Visitors taste through the six bourbons and blend them together in 0.5 to 1 milliliter increments to create a personal recipe, of which they can also buy a full-size bottle. Even for the novice, this interactive process gets at the heart of what blending whiskey represents in a way that a questionnaire or A.I. recommendation — such as Diageo’s What’s Your Whisky, or Woodcraft’s own virtual “bourbon wizard” — simply cannot. “When it comes to blending whiskey, there is no substitute for the human palate,” Beatrice says.

As an interactive tourist attraction, WoodCraft’s model seems like an intriguing way to bring more people into bourbon, though I wouldn’t expect to find a franchise in every strip mall next to its Subway anytime soon. You can choose any footlong toppings you want, after all, but that doesn’t really make you a chef, does it?

“Not everyone can make a blend that tastes good,” Beatrice says. “Blending whiskey is a true art that is just now starting to get the attention and respect it deserves.”


When you need to mix up to 120 cocktails per hour, Cecilia’s your gal. Developed in Israel and unveiled to the public at this year’s South Beach Wine & Food Festival, Cecilia, an interactive robot bartender, can deliver feisty jokes in 40 languages, tote 70 liters of booze, and even check IDs.

“Our goal is [for Cecilia] to work alongside human bartenders and help them serve more drinks to their guests,” says Nir Cohen Paraira, Cecilia.ai’s director of marketing. “The world of service and hospitality is all about making the guests’ experience the best it can be, and advanced technology makes the service more personal, faster and fun.”

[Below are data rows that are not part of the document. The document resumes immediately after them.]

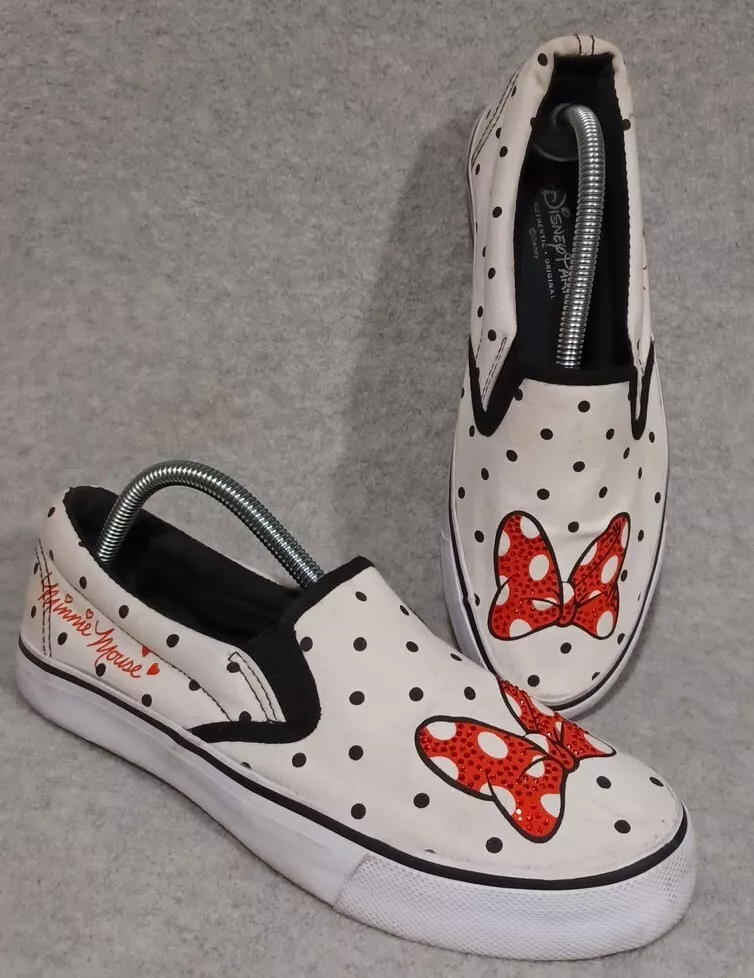Disney Parks Minnie Mouse Slip On Shoes White wBlack Polka Dots Red Bow Size 10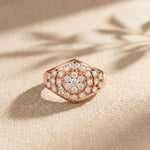 0.70CTW Round Cut Lab Grown Diamond Geometric Cluster Ring for Women Rose Gold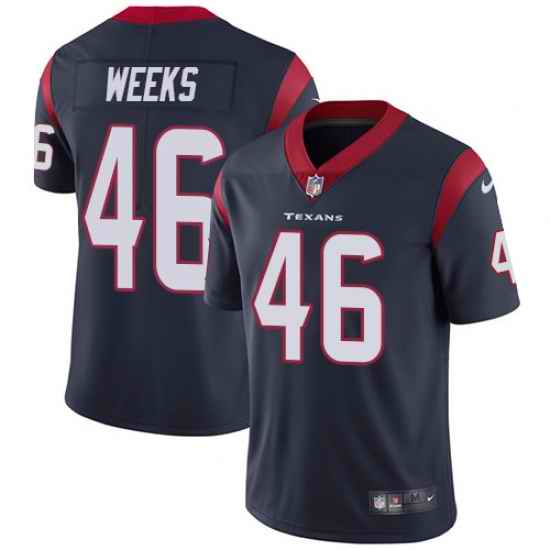 Nike Texans #46 Jon Weeks Navy Blue Team Color Mens Stitched NFL Vapor Untouchable Limited Jersey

Allow the collective groan from your favorite neighborhood bartenders to subside. “I’m wary of the full robot replacement of job sets that don’t require, but currently include, human interaction, because I think this interaction keeps us grounded and connected with the rest of humanity — we’re a social species,” says Donny Clutterbuck, a bartender and manager at Cure Bar in Rochester, N.Y., who is also on the board of directors at the United States Bartenders’ Guild. “If the point of a bar is to provide a third space in people’s lives, or a sociopolitical landscape where the bartender is sheriff, judge, smith, and friend, I’m not entirely sure a robot can do this.”

Cecilia’s backers aren’t trying to universally replace bartenders, though, which Brian Connors, director of the Bacardi Center of Excellence and a Florida International University hospitality professor, notes is the most common question he receives. “Cecilia is about creating a new and different beverage experience in settings where guests don’t expect the same level of hospitality; a bar or restaurant will always need a human service provider, for now,” he says. Instead, he sees the robot living in busy theaters during intermission, or at any type of festival or conference.

 Cecilia.ai is a tech company infiltrating the alcohol industry.

“Standing in line at a concert or sports game to receive a beer isn’t a passion of anyone’s, and the interaction with the counter person or bartender is so quick and to the point that it may just as well be a robot for all practical purposes,” Clutterbuck says, adding that this doesn’t mean he supports a full replacement for bartenders.

Ultimately, whether or not you’d like to be served a drink by a robot depends on what you’re looking for from that drink. Is it a new cocktail developed by an expert bartender in whom you trust, or is it just a precisely stirred rendition of a classic drink whose exact recipe has been known the world over for the past century?

“No one ever got anywhere by avoiding change and progress, and there’s no point in being afraid of becoming irrelevant; I say bring on the future,” Clutterbuck says. “If the robot can also make me laugh, I’m game to try it out.”

In that case, Cecilia, who claims she’s “goddamn hilarious,” has some material she’d love for you to hear.